Five important international institutions were invited by the Museo Omero to talk about art from antiquity to the present day.
23 September to 18 November 2020.
Online meetings on the Zoom web platform and on the Museo Omero Facebook page.
The Museo Omero has organized a programme of five online meetings entitled “A zoom on art” with various well-known cultural institutions and illustrious speakers. These meetings are aimed at operators, scholars and everyone who loves art and places of culture. The themes are sure to attract intellectually curious people who enjoy occupying their spare time by making their brains work.
Wednesdays from 6 to 7.30 pm
- 23 September – The classical legacy in street art. Parody and deviations by Cyrille Gouyette, art historian and head of the Education Department of the Musée du Louvre.
Interviewed by Loretta Secchi, University of Bologna.

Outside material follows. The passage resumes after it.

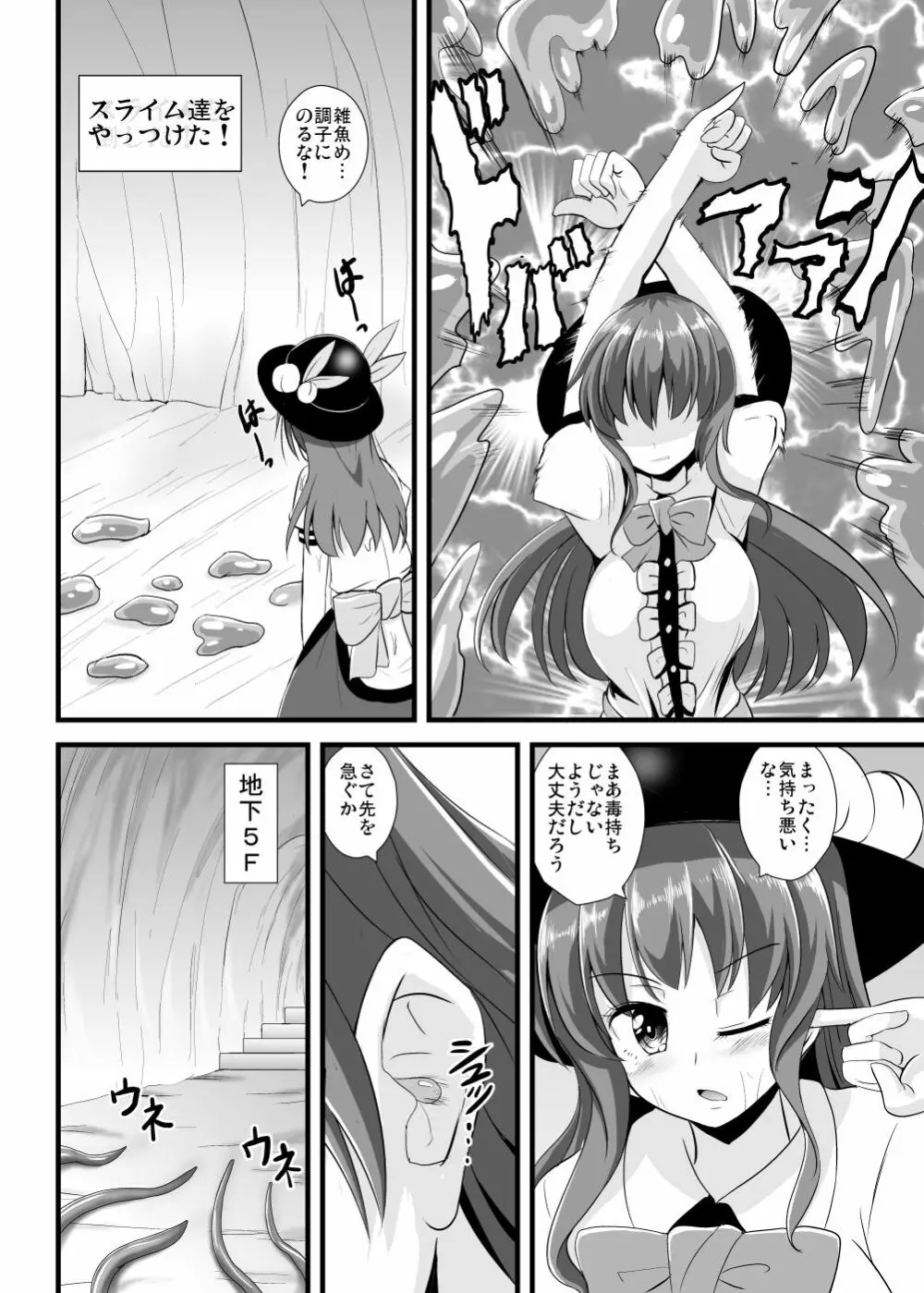 天子ちゃんエロトラップダンジョンへ行く - page5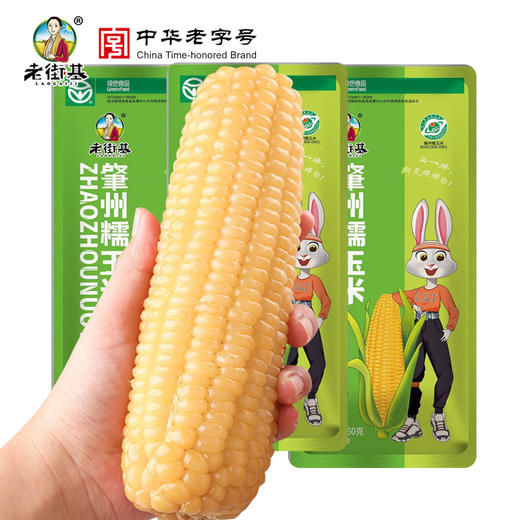 黑龙江 真空白糯玉米（260g/穗）10穗/箱  【木兰优选】 商品图7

- 7 October – In search of Seti I: an archaeological detective story between Egypt and Rome by Giuseppina Capriotti, Head of the Italian Archaeological Centre in Cairo
- 21 October – Brera: rethinking a museum by James Bradburne, General Director of the Brera Art Gallery
Interviewed by Nunzio Giustozzi, art historian, editor at Electa
- 4 November – Digital Revolution and Humanism by Christian Greco, Director of the Egyptian Museum of Turin
- 18 November – Royal Palace of Caserta as green museum: historical, artistic and landscape heritage for a sustainable development of society by Tiziana Maffei, Director of the Royal Palace of Caserta
Interviewed by Alberta Campitelli.
The meetings take place on the Zoom platform: participation is free, but places are limited. You can book by e-mail at firstname.lastname@example.org, otherwise you can follow the live streaming on the Museo Omero Facebook page @museoomero (except for the 7th October meeting).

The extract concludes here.